Activity -> Only one stretch of the data below is wanted: the lines from the one with "Used 2023 Chevrolet" through the one with "2025 Renault Duster", repeated exactly.

*** Data extract ***

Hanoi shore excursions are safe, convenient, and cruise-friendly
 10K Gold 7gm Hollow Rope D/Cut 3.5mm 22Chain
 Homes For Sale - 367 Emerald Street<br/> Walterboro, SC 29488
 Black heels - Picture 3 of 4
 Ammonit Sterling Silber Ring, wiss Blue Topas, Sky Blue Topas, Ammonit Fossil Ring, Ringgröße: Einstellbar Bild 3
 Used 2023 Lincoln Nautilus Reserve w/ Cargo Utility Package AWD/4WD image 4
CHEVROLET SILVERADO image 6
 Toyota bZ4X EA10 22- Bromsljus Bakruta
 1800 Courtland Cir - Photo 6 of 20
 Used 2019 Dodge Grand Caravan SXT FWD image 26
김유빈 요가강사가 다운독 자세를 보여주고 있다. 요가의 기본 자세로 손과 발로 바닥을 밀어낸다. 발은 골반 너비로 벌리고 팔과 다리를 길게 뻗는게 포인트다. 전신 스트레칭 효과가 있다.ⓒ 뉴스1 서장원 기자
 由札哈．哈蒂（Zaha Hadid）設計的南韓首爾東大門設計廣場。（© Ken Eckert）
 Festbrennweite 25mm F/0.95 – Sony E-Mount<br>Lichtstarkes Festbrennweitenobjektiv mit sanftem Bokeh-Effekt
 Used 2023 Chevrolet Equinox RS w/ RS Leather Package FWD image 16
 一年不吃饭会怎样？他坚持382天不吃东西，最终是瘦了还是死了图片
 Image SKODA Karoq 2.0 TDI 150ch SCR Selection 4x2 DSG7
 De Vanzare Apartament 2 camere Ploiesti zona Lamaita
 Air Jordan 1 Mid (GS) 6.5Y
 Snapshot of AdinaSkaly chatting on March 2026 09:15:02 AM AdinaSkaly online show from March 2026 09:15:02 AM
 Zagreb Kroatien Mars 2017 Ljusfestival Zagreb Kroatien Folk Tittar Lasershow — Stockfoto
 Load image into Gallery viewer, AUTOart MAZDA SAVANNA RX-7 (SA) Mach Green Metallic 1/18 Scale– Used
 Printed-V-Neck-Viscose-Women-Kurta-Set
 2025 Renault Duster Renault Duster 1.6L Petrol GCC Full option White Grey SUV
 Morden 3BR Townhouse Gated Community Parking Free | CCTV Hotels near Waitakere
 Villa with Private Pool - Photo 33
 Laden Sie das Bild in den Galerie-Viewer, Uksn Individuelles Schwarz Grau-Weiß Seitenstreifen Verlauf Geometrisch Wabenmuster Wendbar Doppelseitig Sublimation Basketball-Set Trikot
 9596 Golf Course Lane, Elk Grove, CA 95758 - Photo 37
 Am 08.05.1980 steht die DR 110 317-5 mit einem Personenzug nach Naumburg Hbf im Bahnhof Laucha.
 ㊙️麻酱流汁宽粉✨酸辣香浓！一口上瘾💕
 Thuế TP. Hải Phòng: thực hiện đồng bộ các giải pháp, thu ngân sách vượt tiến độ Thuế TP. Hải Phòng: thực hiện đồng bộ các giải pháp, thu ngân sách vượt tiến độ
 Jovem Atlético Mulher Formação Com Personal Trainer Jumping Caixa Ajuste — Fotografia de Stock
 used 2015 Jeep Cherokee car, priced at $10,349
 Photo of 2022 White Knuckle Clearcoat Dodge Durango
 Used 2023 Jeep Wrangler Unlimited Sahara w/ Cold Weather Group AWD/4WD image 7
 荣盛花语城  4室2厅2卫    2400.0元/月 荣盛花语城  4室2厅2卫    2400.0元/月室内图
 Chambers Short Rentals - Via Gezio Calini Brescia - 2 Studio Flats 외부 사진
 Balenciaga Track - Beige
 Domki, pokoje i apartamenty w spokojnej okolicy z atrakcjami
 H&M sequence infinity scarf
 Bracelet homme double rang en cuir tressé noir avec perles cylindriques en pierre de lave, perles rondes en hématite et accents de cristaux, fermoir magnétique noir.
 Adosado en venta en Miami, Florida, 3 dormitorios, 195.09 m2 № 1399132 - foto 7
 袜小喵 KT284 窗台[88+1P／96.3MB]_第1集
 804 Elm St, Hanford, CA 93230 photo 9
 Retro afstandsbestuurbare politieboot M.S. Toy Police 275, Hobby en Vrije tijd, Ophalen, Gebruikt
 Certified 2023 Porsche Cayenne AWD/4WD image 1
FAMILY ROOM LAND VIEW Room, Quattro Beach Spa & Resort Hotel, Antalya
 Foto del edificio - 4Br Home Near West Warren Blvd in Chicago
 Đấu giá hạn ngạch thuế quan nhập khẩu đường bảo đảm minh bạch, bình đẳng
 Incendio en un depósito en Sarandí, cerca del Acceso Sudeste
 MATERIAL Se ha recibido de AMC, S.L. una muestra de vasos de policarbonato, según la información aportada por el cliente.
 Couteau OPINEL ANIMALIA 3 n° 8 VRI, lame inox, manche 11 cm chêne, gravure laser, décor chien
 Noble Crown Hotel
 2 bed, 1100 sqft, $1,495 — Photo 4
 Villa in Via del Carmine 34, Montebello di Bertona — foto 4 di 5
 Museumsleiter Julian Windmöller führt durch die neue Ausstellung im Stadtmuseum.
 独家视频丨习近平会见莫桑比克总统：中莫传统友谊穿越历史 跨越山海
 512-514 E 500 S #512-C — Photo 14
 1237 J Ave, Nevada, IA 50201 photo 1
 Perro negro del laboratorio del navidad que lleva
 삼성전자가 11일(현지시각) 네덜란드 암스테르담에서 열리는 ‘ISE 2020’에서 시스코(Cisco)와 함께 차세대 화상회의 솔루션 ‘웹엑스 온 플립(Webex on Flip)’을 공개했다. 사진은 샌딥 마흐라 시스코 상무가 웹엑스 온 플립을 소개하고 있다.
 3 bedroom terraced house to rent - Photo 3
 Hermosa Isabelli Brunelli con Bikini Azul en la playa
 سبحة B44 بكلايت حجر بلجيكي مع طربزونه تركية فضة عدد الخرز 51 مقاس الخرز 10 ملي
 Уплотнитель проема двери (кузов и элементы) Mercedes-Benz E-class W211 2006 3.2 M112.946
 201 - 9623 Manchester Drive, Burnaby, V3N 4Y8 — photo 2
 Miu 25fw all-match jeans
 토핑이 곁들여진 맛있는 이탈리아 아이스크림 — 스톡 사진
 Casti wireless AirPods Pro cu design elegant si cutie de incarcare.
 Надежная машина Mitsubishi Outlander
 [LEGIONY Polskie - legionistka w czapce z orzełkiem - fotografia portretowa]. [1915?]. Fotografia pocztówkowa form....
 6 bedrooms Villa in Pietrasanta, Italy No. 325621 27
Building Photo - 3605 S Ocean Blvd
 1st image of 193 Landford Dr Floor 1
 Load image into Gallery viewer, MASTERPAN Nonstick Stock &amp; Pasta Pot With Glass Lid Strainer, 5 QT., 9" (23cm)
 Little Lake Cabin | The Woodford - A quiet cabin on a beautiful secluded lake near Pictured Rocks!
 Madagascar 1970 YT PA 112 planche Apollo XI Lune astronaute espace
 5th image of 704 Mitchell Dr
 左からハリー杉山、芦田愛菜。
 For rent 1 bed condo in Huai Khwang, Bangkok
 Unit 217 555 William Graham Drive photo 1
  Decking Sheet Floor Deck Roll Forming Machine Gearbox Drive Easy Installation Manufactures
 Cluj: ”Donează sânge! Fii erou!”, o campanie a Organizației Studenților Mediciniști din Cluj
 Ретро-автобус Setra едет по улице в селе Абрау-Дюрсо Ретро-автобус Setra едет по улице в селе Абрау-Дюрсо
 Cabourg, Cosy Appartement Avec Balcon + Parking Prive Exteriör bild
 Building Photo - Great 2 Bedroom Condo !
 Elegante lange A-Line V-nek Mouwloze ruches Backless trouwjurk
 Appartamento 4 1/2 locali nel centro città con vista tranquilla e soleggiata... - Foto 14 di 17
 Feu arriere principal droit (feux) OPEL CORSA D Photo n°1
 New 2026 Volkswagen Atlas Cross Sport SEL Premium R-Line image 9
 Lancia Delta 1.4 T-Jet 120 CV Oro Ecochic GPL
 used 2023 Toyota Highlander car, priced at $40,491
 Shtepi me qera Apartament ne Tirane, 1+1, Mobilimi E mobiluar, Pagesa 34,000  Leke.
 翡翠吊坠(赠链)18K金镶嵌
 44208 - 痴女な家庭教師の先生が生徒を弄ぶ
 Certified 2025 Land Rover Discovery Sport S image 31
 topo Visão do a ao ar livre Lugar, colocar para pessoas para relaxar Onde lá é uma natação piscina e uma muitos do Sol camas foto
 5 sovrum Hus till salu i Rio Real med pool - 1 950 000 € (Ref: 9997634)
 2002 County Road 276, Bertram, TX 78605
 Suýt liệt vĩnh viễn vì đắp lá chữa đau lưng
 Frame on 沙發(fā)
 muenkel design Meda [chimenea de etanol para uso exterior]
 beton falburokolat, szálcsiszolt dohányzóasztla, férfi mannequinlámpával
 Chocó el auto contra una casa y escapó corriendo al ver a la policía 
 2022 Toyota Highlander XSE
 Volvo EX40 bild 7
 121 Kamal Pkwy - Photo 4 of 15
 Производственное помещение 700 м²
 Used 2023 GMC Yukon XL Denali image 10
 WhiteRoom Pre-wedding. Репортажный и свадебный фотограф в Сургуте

*** End of Data extract ***

Answer section ->
 Used 2023 Chevrolet Equinox RS w/ RS Leather Package FWD image 16
 一年不吃饭会怎样？他坚持382天不吃东西，最终是瘦了还是死了图片
 Image SKODA Karoq 2.0 TDI 150ch SCR Selection 4x2 DSG7
 De Vanzare Apartament 2 camere Ploiesti zona Lamaita
 Air Jordan 1 Mid (GS) 6.5Y
 Snapshot of AdinaSkaly chatting on March 2026 09:15:02 AM AdinaSkaly online show from March 2026 09:15:02 AM
 Zagreb Kroatien Mars 2017 Ljusfestival Zagreb Kroatien Folk Tittar Lasershow — Stockfoto
 Load image into Gallery viewer, AUTOart MAZDA SAVANNA RX-7 (SA) Mach Green Metallic 1/18 Scale– Used
 Printed-V-Neck-Viscose-Women-Kurta-Set
 2025 Renault Duster Renault Duster 1.6L Petrol GCC Full option White Grey SUV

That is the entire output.